CHARLOTTE, NC-The Material Handling Industry of America group is recording a dramatic increase in the use of driverless vehicles on the shop floor. In a study by the group's Automatic Guided Vehicles Systems section, 72 systems were reportedly either installed or expanded in the first 6 months of 2004, compared to 47 such efforts in the first half of 2003.

According to MHIA managing executive Dick Ward, the "vast majority" of the 2004 systems were new, as opposed to add-ons to existing systems, with 93 percent going to manufacturing. Applications included those in the automotive, aerospace, food, textile, paper, chemical, rubber and plastic, and public utilities sectors.

Ward said that while his group is not making any specific projections, he believes the current trend toward increased use of driverless vehicles is in no danger of petering out. "The market has been relatively strong for the last couple of years, and it looks to continue," he says.

The single largest representative group in terms of AGV investment was automotive and aerospace, which accounted for 31 percent of orders during the study period. Rubber and plastic products were next, accounting for 15 percent. The new systems are widely distributed throughout the United States, as opposed to being concentrated in any particular area. "There's not one Mecca for automatic guided vehicles," says Ward.

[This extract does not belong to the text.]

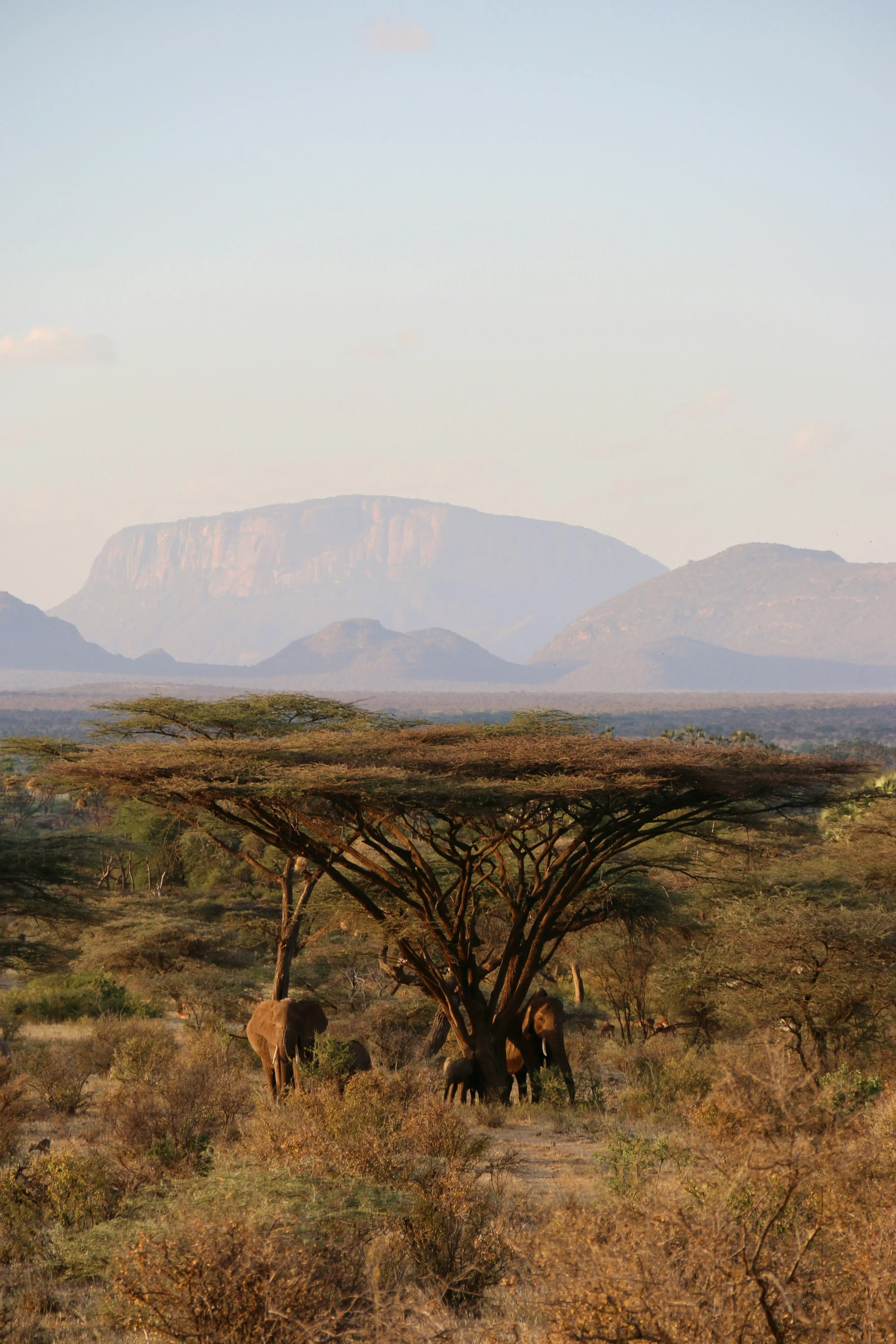 Kenya Tanzania Safari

Ward notes that MHIA is seeing smaller systems going to work for smaller companies, indicating industry is becoming increasingly comfortable with the technology. Today the average system consists of 3.5 driverless vehicles. This is less than half of what it was in past years, a sign that an AGV system "doesn't have to be large and complex to be justified." According to the study, larger organizations, including companies at the Fortune 500 level, accounted for 60 percent of new orders, with the remaining systems going to smaller organizations.

"It is clear based on these numbers that manufacturers of automation solutions, namely AGVs, are seeing a substantial interest in this technology and the many benefits companies can achieve through the use of this technology," Ward says. "I believe this can be attributed not only to an increasing acceptance of this proven technology but also to the fact that the technology associated with these systems has matured significantly, and as a result has become far more cost-effective."

In terms of the specific tasks being conducted by the newly installed driverlss vehicles, 59 percent of those in manufacturing are involved in transferring materials to and from storage areas. The remainder is involved in actual fabrication and assembly.